Hastaların hekim veya sağlık kuruluşunu seçme hakkını ihlal edecek şekilde, belirli bir kişi veya sağlık kuruluşuna yönlendirme, sağlık hizmetlerinin sonuçlarına ilişkin kesinlik vaat eden açıklamalar, bilimsel alıntı ve terimlerin yanıltıcı biçimde kullanılması, sağlık kuruluşları ve çalışanlarına yönelik şiddete sevk edici, aşağılayıcı ve alay edici ifadeler de kullanılmayacak.

Yürürlükteki mevzuata göre, Türkiye'de uygulanması yasaklanmış tıbbi işlemlere yönelik bilgilendirmelerde de bulunulmayacak.

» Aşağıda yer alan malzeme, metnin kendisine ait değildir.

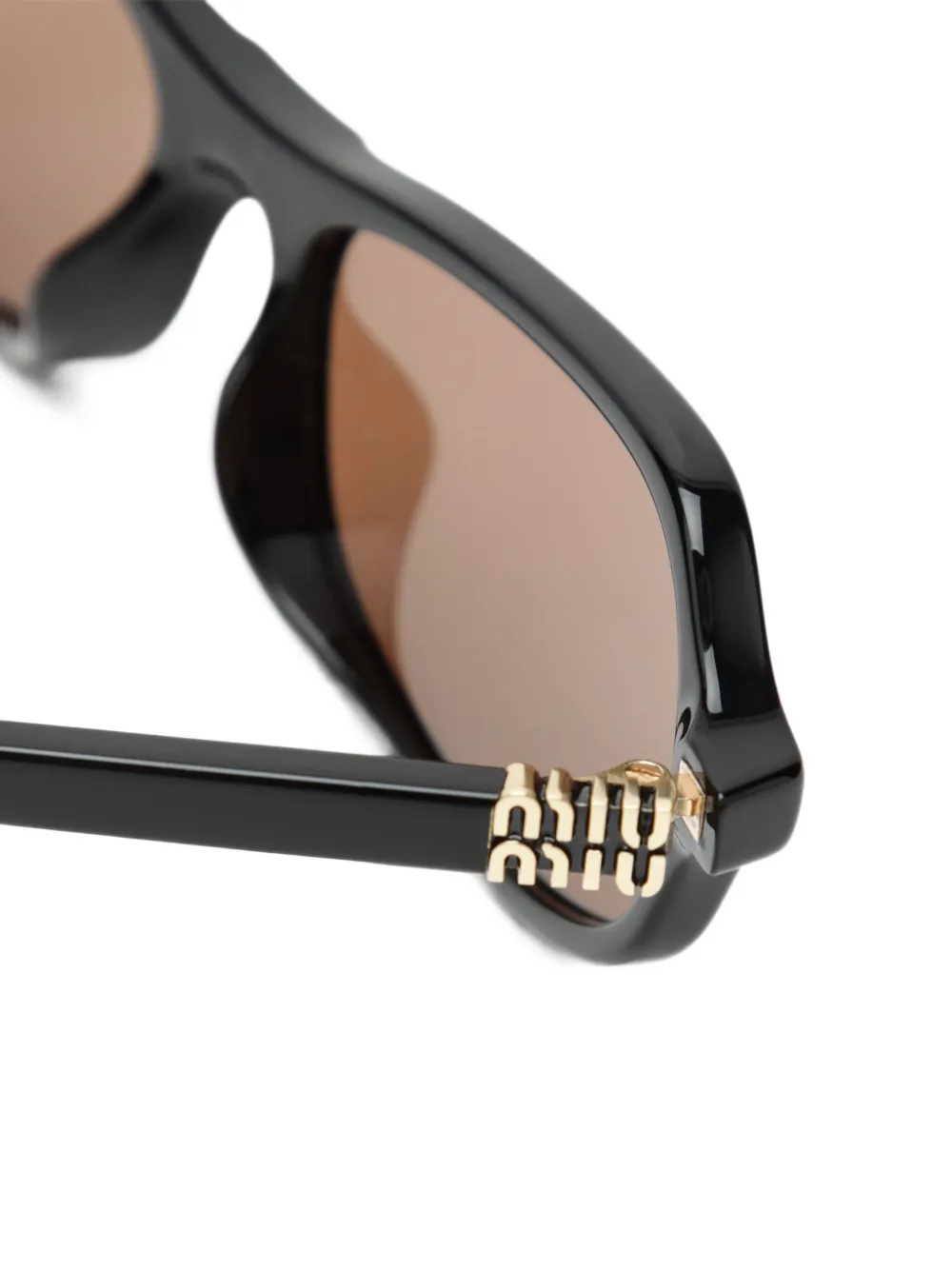 Miu Eyewear Zonnebril met rechthoekig montuur Zwart
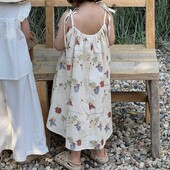 2024 suvi Beebitüdruku multikas trükitud slingi kleit Lasteriided Tüdrukute vaba vabaaja varrukateta printsessikleit 1-7A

AÇIKLAMA VE KONUŞMALAR, KOMİSYONUNCA İNCELENECEK

Açıklama ve konuşmalar, bir komisyonunca incelenecek, toplum ve kişi sağlığına aykırı bilgilendirmede bulunduğu tespit edilenler hakkında mevzuat çerçevesinde idari yaptırım uygulanacak. Ayrıca RTÜK'e de yayınla ilgili bilgi verilecek. Hekim veya diş hekimlerince yönetmelik hükümlerine aykırı tanıtım ve bilgilendirme yapıldığının tespit edilmesi halinde idari para cezası uygulanacak.

Öte yandan, sosyal medya paylaşımları ve internet sitelerinden yapılan sağlıkla ilgili tanıtım ve bilgilendirmelerde insan sağlığını tehlikeye düşüren, tanı ve tedavi sürecini olumsuz etkileyen veya bu süreci engelleyici nitelikte suç unsurunun bulunduğu tespit edilenler hakkında da ilgili içeriklerin erişime engellenmesi için suç duyurusunda bulunulacak.

"HEKİM VE HASTA İLİŞKİSİNİN MAHREM OLMASI ŞARTTIR"

Ankara Etlik Şehir Hastanesi Koordinatör Başhekim Yardımcısı Doç. Dr. Afşin Emre Kayıpmaz, düzenlemeye ilişkin AA muhabirine yaptığı açıklamada, sosyal ve görsel medyada geniş yer bulan sağlık haberlerinde yanlış, insan sağlığı için tehdit oluşturabilecek, kaynağı belirsiz bilgilerin hızla yayılması gibi durumların da ortaya çıkabildiğine dikkati çekti.

Kayıpmaz, "Hekim ve hasta arasındaki ilişkinin mahrem olması şarttır. Bu kurala azami ölçüde dikkat edilmelidir. Ayrıca sağlıkla ilgili, 'kalite burada, sizi burada tedavi edelim' anlamına gelecek tarzdaki ticari amaç ve reklam amaçlı paylaşımlar da tıbbi deontoloji ilkeleriyle çelişmektedir. Sağlık Bakanlığı, düzenleme gereken bu önemli konuya el atmış ve mevzuatı güncellemiştir. Son derece yararlı bir düzenleme olduğu kanaatindeyim." dedi.

"YERİNDE BİR UYGULAMA"

Ankara Üniversitesi Tıp Fakültesi Enfeksiyon Hastalıkları Ana Bilim Dalı Başkanı Prof. Dr. İsmail Balık da "Bu uygulamanın çok yerinde olduğunu hatta geç bile kalındığını düşünüyorum. Hekimlerin ve diğer sağlık erbabının kendi uzmanlık alanı dışında görüş beyan etmesi zaten doğru değil. Bunun geçmişte çok ciddi sorunlara yol açtığını gördük." değerlendirmesinde bulundu.

Balık, sağlık konularında yanıltıcı, yanlış açıklamaların en çok sosyal medya mecralarında yapıldığına dikkati çekerek, bu mecralarla ilgili sınırlama ve yaptırımların daha somut bir çerçeveye oturtulması gerektiğini vurguladı.

"SOSYAL MEDYADA BİRÇOK BİLGİ SÜZÜLMEDEN İNSANLARA ULAŞIYOR"

Sağlık Bilimleri Üniversitesi Gülhane Tıp Fakültesi Nöroloji Ana Bilim Dalı Öğretim Üyesi Prof. Dr. Şeref Demirkaya ise şunları kaydetti:
"Bakanlığın yayımladığı yönetmelik, genel hatlarıyla oldukça olumlu ve yerinde. Özellikle sosyal medyada, internetteki iletişim kanallarının güçlenmesiyle sağlıkla ilgili bilgiler süzülmeden hızla çok sayıda insana ulaşabiliyor. Toplum sağlığını ilgilendiren konularda, yanlış, yanıltıcı, tıbbi gerçekliği olmayan bu tip bilgilerin yayılımının önüne geçilmesi çok önemli. Elbette mevzuat düzenlemeleri uygulanabilir, takip edilebilir olduğu müddetçe anlam kazanır. Bu çerçevede uygulanabilir, denetlenebilir ve takip edilebilir kılınması da gerekiyor."